Actually there was a rewrite on the new album; a song called
Long Way From Happiness. I had the verse written and I couldn't get a
melody around the chorus. It was too long and kind of uneven, so I rang
Bernie up and said "Listen, I've got a great verse. I
need you to rewrite the chorus more simply" Which he did. And as soon as
he did the song fell into place.
Maybe years ago I wouldn't have done that.
Maybe I'd have just thrown the song away. With Tim I don't
think it's ever happened because we've written for musicals. We've never
written anything I've had to record myself.
Again, Bernie
... there have been periods in our life when one of us has been happy or sad or
both have been sad. And I think on the Blue Moves
album - around that time - several things that I... it was kind of a heavy
album anyway. There was a couple of things I couldn't write to 'cause I
couldn't really relate to it and it was so heavy so I didn't do it.
But I
always get more lyrics than I need anyway, so I am able to drop a few that I
don't think I'm able to write to.
I've wondered that myself sometimes. So I've sat down and tried to write lyrics and I'm just not very good at it. I mean, I'm a very verbose person. I can have a very great conversation with someone but as far as writing things down and things coming to mind I just have to accept that I'm not very good. So there's no point in doing things that you're not very good at I think.

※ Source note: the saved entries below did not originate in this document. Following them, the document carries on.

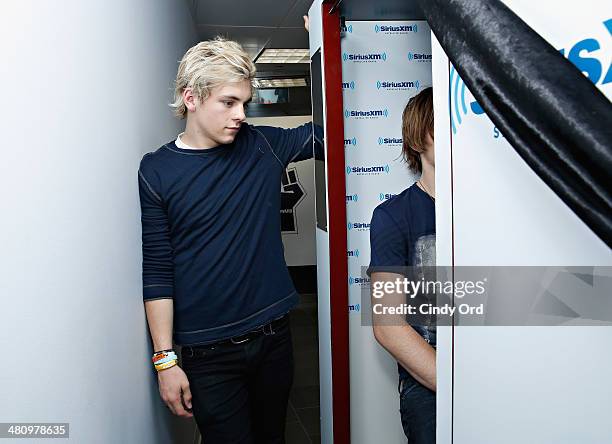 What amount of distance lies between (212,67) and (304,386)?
285cm

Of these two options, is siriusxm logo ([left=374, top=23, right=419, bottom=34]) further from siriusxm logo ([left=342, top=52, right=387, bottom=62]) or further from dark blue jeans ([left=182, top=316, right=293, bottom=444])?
dark blue jeans ([left=182, top=316, right=293, bottom=444])

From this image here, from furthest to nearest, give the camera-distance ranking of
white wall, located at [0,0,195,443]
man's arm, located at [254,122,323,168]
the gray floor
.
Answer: the gray floor, man's arm, located at [254,122,323,168], white wall, located at [0,0,195,443]

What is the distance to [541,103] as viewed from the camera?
60 cm

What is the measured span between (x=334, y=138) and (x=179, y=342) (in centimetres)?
94

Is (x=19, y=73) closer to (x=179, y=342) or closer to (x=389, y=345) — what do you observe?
(x=179, y=342)

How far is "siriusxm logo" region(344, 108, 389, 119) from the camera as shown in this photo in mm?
2166

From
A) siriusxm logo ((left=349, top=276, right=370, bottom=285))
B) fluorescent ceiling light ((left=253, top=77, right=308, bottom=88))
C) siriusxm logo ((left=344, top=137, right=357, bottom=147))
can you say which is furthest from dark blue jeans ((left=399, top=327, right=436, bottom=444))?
fluorescent ceiling light ((left=253, top=77, right=308, bottom=88))

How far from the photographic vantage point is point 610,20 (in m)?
0.61

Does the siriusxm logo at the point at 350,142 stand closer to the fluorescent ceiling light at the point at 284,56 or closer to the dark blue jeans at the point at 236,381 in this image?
the dark blue jeans at the point at 236,381

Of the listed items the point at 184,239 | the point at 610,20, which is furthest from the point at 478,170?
the point at 184,239

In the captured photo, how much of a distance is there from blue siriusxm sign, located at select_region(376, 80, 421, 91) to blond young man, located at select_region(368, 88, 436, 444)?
0.60m

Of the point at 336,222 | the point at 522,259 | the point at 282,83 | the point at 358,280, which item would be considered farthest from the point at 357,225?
the point at 282,83

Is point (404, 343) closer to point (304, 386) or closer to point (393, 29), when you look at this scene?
point (393, 29)

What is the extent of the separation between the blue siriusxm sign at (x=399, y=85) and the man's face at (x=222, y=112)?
2.23 feet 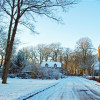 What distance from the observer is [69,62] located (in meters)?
82.8

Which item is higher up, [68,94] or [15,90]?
[15,90]

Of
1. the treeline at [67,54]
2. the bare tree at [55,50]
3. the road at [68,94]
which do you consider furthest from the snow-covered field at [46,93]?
the bare tree at [55,50]

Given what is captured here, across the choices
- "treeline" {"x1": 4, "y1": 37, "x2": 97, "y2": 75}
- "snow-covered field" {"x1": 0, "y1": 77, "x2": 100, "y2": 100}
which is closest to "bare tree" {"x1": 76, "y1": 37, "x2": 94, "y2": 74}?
"treeline" {"x1": 4, "y1": 37, "x2": 97, "y2": 75}

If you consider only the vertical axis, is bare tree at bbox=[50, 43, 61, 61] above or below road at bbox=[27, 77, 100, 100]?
above

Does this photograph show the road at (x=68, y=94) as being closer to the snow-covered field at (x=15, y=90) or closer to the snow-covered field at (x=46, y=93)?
the snow-covered field at (x=46, y=93)

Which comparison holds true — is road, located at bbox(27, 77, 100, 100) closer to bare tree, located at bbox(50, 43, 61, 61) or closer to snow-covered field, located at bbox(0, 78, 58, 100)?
snow-covered field, located at bbox(0, 78, 58, 100)

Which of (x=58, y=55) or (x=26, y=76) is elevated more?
(x=58, y=55)

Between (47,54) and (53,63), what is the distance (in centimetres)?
501

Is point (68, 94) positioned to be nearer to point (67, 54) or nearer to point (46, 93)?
point (46, 93)

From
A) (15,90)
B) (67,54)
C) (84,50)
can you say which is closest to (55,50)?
(67,54)

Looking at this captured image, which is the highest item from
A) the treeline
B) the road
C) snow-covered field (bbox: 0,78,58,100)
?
the treeline

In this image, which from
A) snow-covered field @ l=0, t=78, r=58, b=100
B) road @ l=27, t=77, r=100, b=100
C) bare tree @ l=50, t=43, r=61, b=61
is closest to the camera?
snow-covered field @ l=0, t=78, r=58, b=100

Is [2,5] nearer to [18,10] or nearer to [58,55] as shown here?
[18,10]

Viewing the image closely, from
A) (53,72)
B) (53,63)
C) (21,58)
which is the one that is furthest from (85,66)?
(21,58) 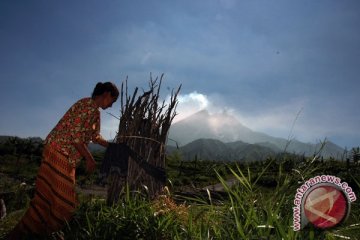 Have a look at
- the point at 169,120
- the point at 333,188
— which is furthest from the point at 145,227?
the point at 333,188

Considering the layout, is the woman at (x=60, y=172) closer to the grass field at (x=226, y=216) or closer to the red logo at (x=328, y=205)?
the grass field at (x=226, y=216)

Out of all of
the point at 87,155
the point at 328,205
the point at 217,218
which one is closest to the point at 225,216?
the point at 217,218

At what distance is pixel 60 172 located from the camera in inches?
173

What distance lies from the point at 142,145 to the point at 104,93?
109 centimetres

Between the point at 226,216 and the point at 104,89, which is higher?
the point at 104,89

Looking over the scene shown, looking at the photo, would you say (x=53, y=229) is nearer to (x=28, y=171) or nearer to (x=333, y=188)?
(x=333, y=188)

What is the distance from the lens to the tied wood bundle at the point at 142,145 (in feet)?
16.7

I rebelled in my 20's instead of my teenage years, so by the time I
got to perform as Elton John and got a band together and went
to America I'd had a year of playing with my band in Britain and evolving a
stage act.
And I used to wear Mr. Freedom hotpants and
flying boots. And when I went to America it wasn't "Let's dress up and go
to America". This was what I had been wearing anyway.
And, of
course, the Americans, with the Elton John cover,
thought that they'd get a Randy Newman or David
Accles-like figure who was gonna come out and be very moody and
mysterious ... and I wasn't at all. Some of the songs on that album are very
melodic and there are a few uptempo songs on it. But basically I was an uptempo
piano player who loved playing that kind of piano.
I wanted to use my piano
like a guitar. They said "You can't. If you try to kick a piano you break
your foot". So I jumped on it. You do everything to it that you could
possibly do to make it more interesting. Otherwise you're stuck behind a nine
foot plank.
People said that "You know, I don't think he should do
that when the music's so good" and I thought "Well if the music's
good it's gonna stand up for itself. And also; I'm going to entertain
people".
If I went to see Leonard Cohen and he did
that I'd be horrified you know. Or Joni Mitchell. And I
wouldn't expect it. But it's part of my nature so it just evolved.
And I
got to the part were I realised I felt like mutton dressed up as lamb and this
... I've gone too far. And I still have a lot of those costumes - every now and
again we sell one or two to raise money. We still have a lot left.
But I
did carry on too far. I didn't know when to stop and I became a parody of
myself on stage. It was beyond ridiculous.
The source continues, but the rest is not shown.